As I slide the canoe into the water, the bow breaks the surface and cleaves a group of water boatmen insects into two skittering masses. They won't be separated for long; this canoe is heading into the backwaters. It's an early August morning at Indian Slough landing on the Mississippi River near Wabasha, and a light fog hangs in the still, clammy air.
Climbing aboard, I launch into a paddler's wonderland, following waterways with shifting dimensions. Some are narrow channels; others are broad like lakes. Traffic sounds fade as I move away from the landing, and the deep call of a bullfrog booms out of the mist. The water surface is bright with neon green patches of duckweed; the horizon is all grays save for dark, craggy trees that take shape as I near them. Teal and wood ducks occasionally flush at my appearance, but woodpeckers, unflustered, work the trees nearby.
It feels good to be back in the Mississippi backwaters—that is, all the waters in the river floodplain away from the main channel. Part river and part lake, these southeastern Minnesota backwaters are well known to anglers, waterfowlers, birdwatchers, trappers, and solitude seekers in the region but less so to many others unfamiliar with their rugged charms.
I first began paddling the backwaters between Wabasha and Winona decades ago as a novice canoeist, and for many years they were my main getaway whenever I wanted to escape civilization and lose myself in the vastness of the river valley. Over the years, though, I drifted away from these waters, lured to more exotic and distant paddling destinations.
I have returned to explore the backwaters more deeply and to meet some of the people who know them most intimately.
"It's a sanctuary for the soul."
Ed Lagacé has been trying to sum up just what makes the Mississippi backwaters so special, and with these succinct words he seems to have succeeded.

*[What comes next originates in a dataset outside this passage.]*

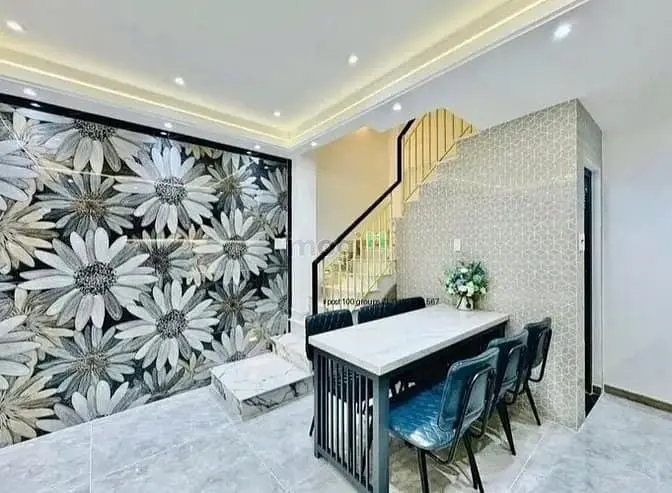 Nhà Mới Gò Vấp 3Pn, Gần Chợ Htt - Chưa Tới 5 Tỷ! ✌️Chưa Tới 5 Tỷ Có Ng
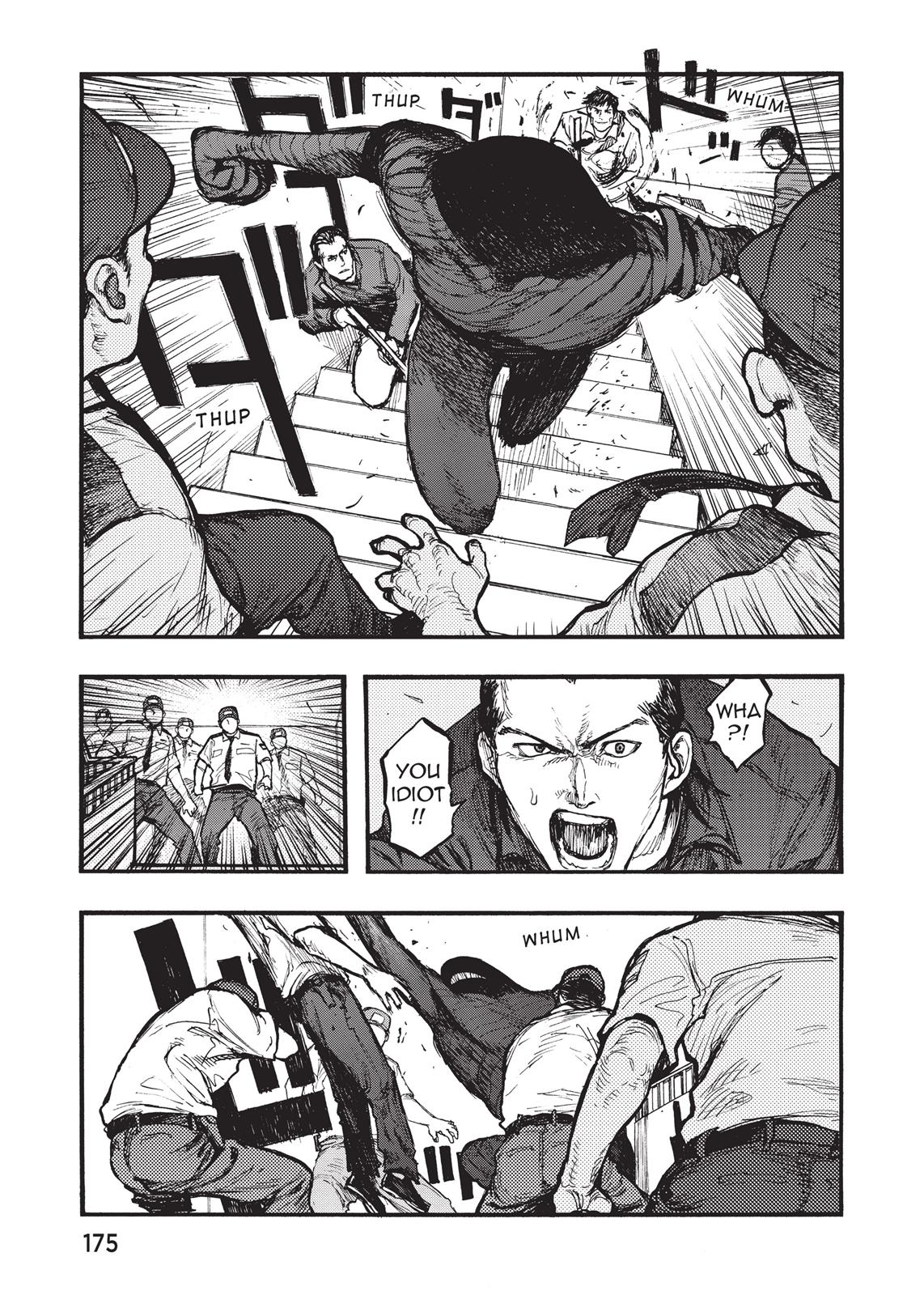 Ajin - Demi Human Chapter 33 - Page 3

I have sought out Lagacé, who works for the U.S. Fish and Wildlife Service, because he's the person who conceived and oversees a series of Upper Mississippi canoe trails (see sidebar) that offer a great entry point for paddlers new to these waters.
Backwaters Byways
Between the Wabasha and Winona areas, six canoe trails are signed and maintained by volunteers for the Winona District of the Upper Mississippi River National Wildlife and Fish Refuge. The trails are, from upriver to downriver:
Chippewa River Water Trail near Pepin, Wisconsin, 6.8 miles
Nelson-Trevino Trail near Wabasha, 4.5 miles
Finger Lakes Trail near Kellogg, 6.1 miles
Halfmoon Trail near Kellogg, 5.1 miles
Verchota Trail near Winona, 11.3 miles
Aghaming Trail near Winona, 6.7 miles
Paddlers may have to enter the main channel or travel upstream on some routes. Most backwaters are open to motorized watercraft, so use caution. All canoeists, kayakers, and stand-up paddleboarders should wear personal flotation devices and carry a map and compass even if they're using electronic navigation. High water or high winds warrant caution. And remember, "There is safety in numbers," says Ed Lagacé, who oversees the trails.
More trails are accessible downriver on the Wisconsin side. Learn more about all of the trails and print or download maps on the U.S. Fish and Wildlife site.
Experienced river navigators can depart from these trails to explore more; this entire stretch of the Mississippi is itself part of a DNR-designated State Water Trail. See the Minnesota DNR page for other information and a link to river level reports.
The trails most accessible to Minnesotans, between the Wabasha and Winona areas, guide paddlers on routes that return to the original landing or, in one case, a landing a five-minute walk away. Paddlers can navigate with maps, which can be printed out old-school or downloaded as a GPS file, or follow posted signs along the route.
In decades past, I had no such resources. I recall setting out often from the Indian Slough landing with water, lunch, a state atlas, and a compass, trying to follow the landforms and remember my way back to the landing by taking mental notes of every twist, turn, and tree. Adventurous, yes, but sometimes disconcerting when I got lost in the watery labyrinth—a state of being that Lagacé prefers to call "misplaced."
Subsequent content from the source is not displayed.